The complexities mentioned above are further compounded when translating or interpreting between languages. The probability of transliteration (translating words on their phonemic level) increases with machine-enabled translations such as Google Translate. With translations, misunderstanding grows across language families, particularly when one language does not contain the vocabulary, characters, conceptions, or cultural traits associated with the other language, an occurrence referred to by machine-learning engineers as the UNK problem.

Yet, from all indications, Facebook and other tech giants will invariably continue to experiment with using one LLM to moderate all languages on their platforms. For instance, this year, Google announced that its new speech model will encompass the world’s 1000 most spoken languages. Innovators are also trying to develop models to bridge the gap between human language and LLMs. Lesan, a Berlin-based startup, built the first general machine translation service for Tigrinya. It partners with Tigrinya-speaking communities to scan texts and build custom character recognition tools, which can turn the texts into machine-readable forms. The company also partnered with the Distributed AI Research Institute (DAIR) to develop an open-source tool for identifying languages spoken in Ethiopia and detecting harmful speech in them.

Conclusion

In cases like that of Ethiopia, it is best first to understand the broader system and paradigm at play. The situation is typical of the pull and push typical of a globalised world where changes in the developed world wittingly or unwittingly create a pull on the rest of the world, drawing them into spaces where they subsequently realise they do not fit. It is from the consequent discomfort that the push emerges. What is now evident is that the developers of the technology and the powers that sanctioned its use globally did not anticipate the peculiarities of this use case. Unfortunately, this is not atypical of an industry that embraces agility as a modus operandi.

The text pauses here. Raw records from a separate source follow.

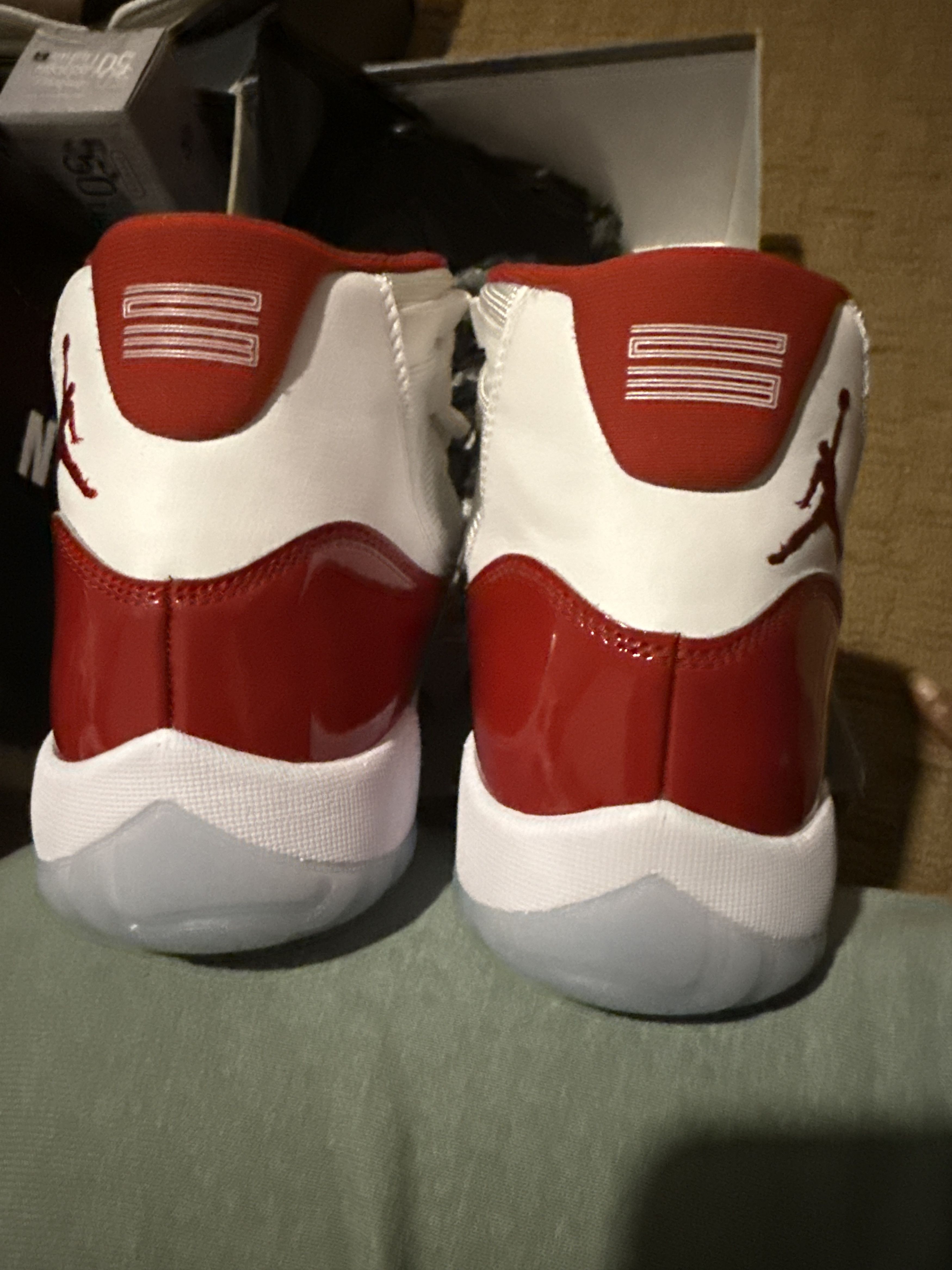 Jordan Brand Air Jordan 11 Retro Size US 9 / EU 42 - 5 Thumbnail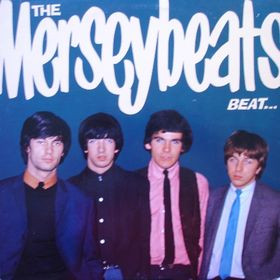 The Merseybeats - Beat & Ballads | Edsel Records (ED 105)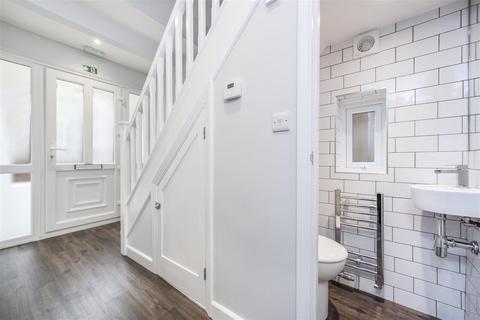 undefined, Colborne Road, High Wycombe HP13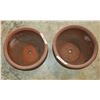 Image 2 : 2 Plant Pots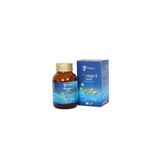 Fitself OMEGA-3 FİSH OİL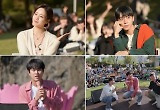 '뮤직인더트립' 윤지성X이진혁X이대휘, '여우비' 그 자체…고령 마지막 이야기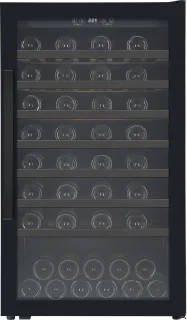 De Nestor M NWT173FN1 Wijnklimaatkast in één oogopslag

It is, therefore, more critical now than ever that international mechanisms and frameworks, including a multistakeholder, cross-disciplinary approach to decision-making, be inculcated in public and private sector technological innovations at the local level, particularly in the case of rapidly scalable solutions emerging from the Global North. It is also essential that tech giants be held responsible for the equitable distribution within and across countries with the resources needed for the optimal implementation of safety protocols concerning content moderation. To this end, it would serve Facebook and other tech giants well to partner with startups like Lesan.

It is imperative that a sufficient quantity of qualified persons with on-the-job mental health benefits be engaged. to deal with the specific issue of analysing human languages, which still have innumerable unknowns and unknown unknowns. The use of AI and network-based systems can only be as effective as the humans behind the technologies and processes. Moreover, Facebook users will continue to adapt their use of language. It is reckless to anticipate that these models would be able to adjust to or predict all human adaptive strategies. And even if these models eventually can do so, the present and interim impact, as seen in Ethiopia and other countries, is far too costly in human rights and lives.

Finally, linguistics, like all disciplines and languages, is still evolving. It is irresponsible, therefore, to pin any, let alone all, languages down to one model without the foreknowledge of dire consequences.